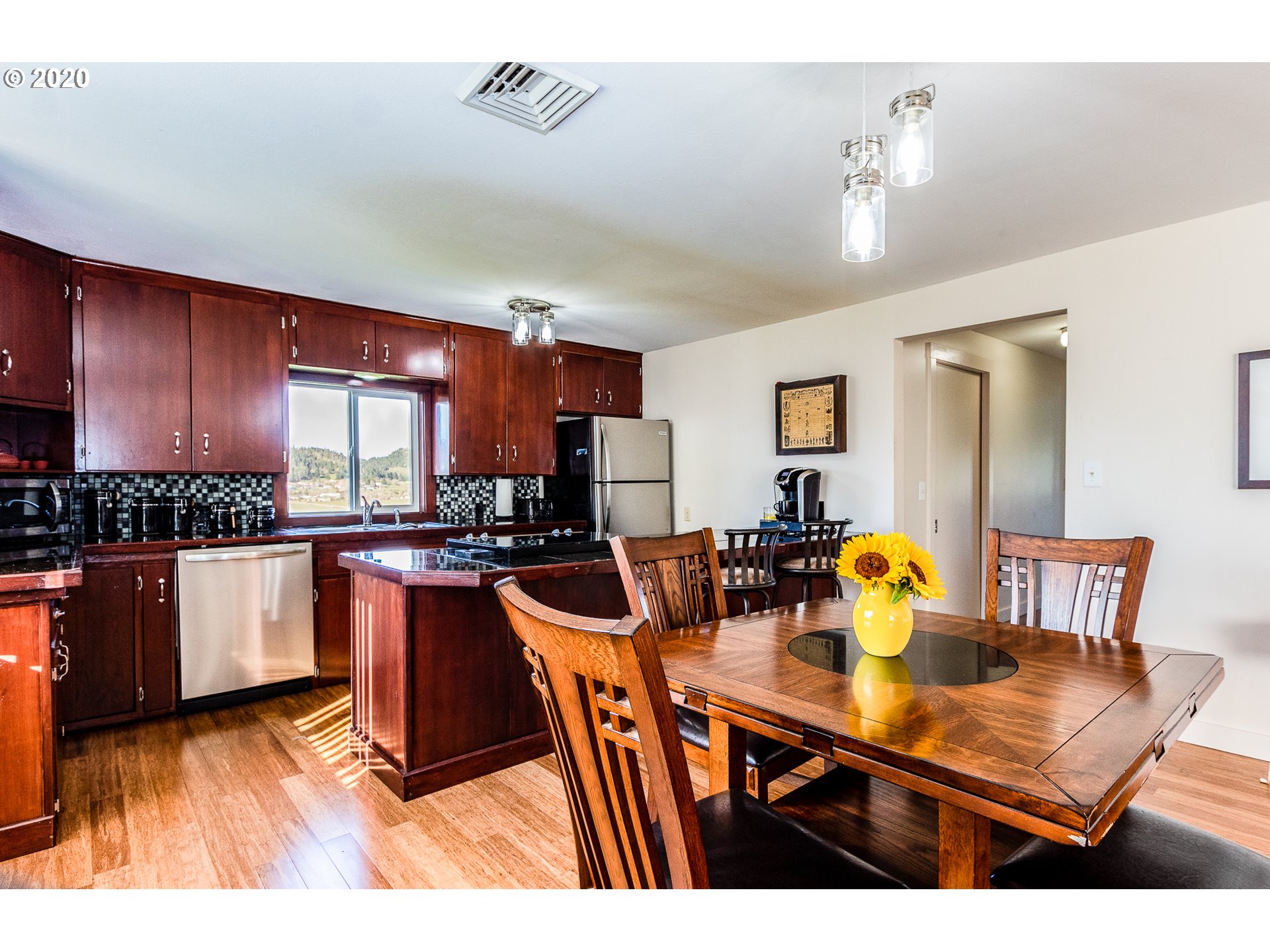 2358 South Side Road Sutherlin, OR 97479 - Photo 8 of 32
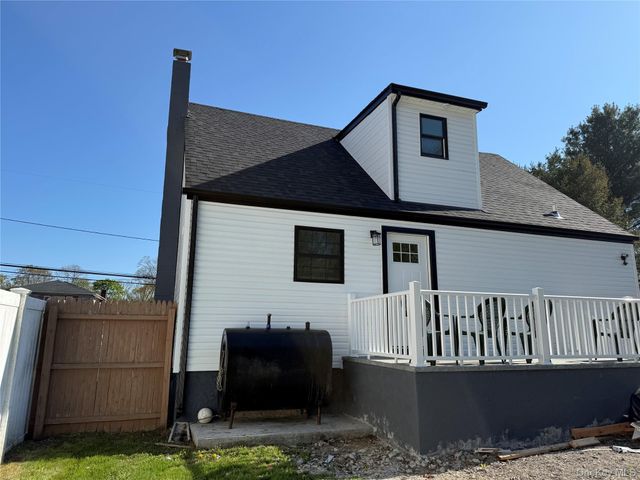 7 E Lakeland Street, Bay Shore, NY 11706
* * *
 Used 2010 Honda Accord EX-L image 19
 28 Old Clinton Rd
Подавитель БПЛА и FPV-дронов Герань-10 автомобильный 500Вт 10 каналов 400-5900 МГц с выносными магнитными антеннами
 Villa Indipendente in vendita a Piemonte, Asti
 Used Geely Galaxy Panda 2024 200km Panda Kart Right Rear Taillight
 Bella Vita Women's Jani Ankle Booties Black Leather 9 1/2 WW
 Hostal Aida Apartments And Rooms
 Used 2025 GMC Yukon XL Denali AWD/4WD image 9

> **Exercise goal**: Reproduce exactly, and with no other material, the lines between those holding "Used 2010 Honda Accord EX-L image 19" and "Used 2025 GMC", inclusive.

> **Solved problem**:
 Used 2010 Honda Accord EX-L image 19
 28 Old Clinton Rd
Подавитель БПЛА и FPV-дронов Герань-10 автомобильный 500Вт 10 каналов 400-5900 МГц с выносными магнитными антеннами
 Villa Indipendente in vendita a Piemonte, Asti
 Used Geely Galaxy Panda 2024 200km Panda Kart Right Rear Taillight
 Bella Vita Women's Jani Ankle Booties Black Leather 9 1/2 WW
 Hostal Aida Apartments And Rooms
 Used 2025 GMC Yukon XL Denali AWD/4WD image 9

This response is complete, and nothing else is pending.